I was recommended a book called ‘For the Love of Soil’, which makes clear that whether you are grazing cattle or growing fruit and vegetables, the basic principles of having healthy soil are exactly the same. It’s a very complicated book, it’s a real science – but there we are, the corporate chemical companies are selling people what they claim are quick fixes and easy answers. The truth is that although they may have worked in the short term, now we are losing our topsoil, it’s washing away tons and tons at a time and ending up in the sea. A recent UN report warned that we are down to 50 or 60 more harvests and then, if agricultural practices haven’t changed, there will be no more soil, no more food. But this aspect of the climate and ecological crisis is hardly mentioned.

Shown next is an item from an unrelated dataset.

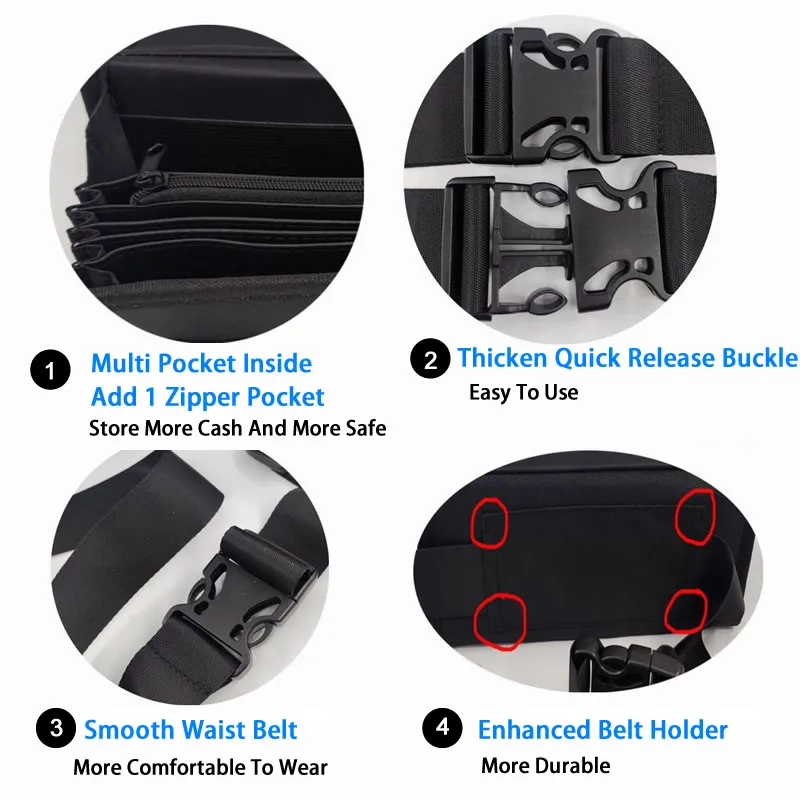 6 Pockets Euro Wallet Fanny Pack Waist Bag 8 Slots Euro Coin Holder Dispenser For Waiter Driver Cashier Money Bills Safe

It’s funny how things work out. When I got back from Scotland I connected with the lovely group of people who are planning to set up ‘Bridie’s Farm’: a community food and regenerative farming project. As I write they are waiting on some land that they have been promised becoming available [it’s now secured]. I hope I can get involved in some way – if I can, after thinking I was going to leave Glastonbury after 40 years, it seems like I’ve found what I was looking for – here all the time! In fact, after studying the map closely I’m pretty certain that one of the rhines that goes along the edge of their field is actually part of the original course of the River Brue (which has been my chief area of interest for the past eight years). So I’d be back where I started at the same time as going where I wanted to go in the first place … or something like that.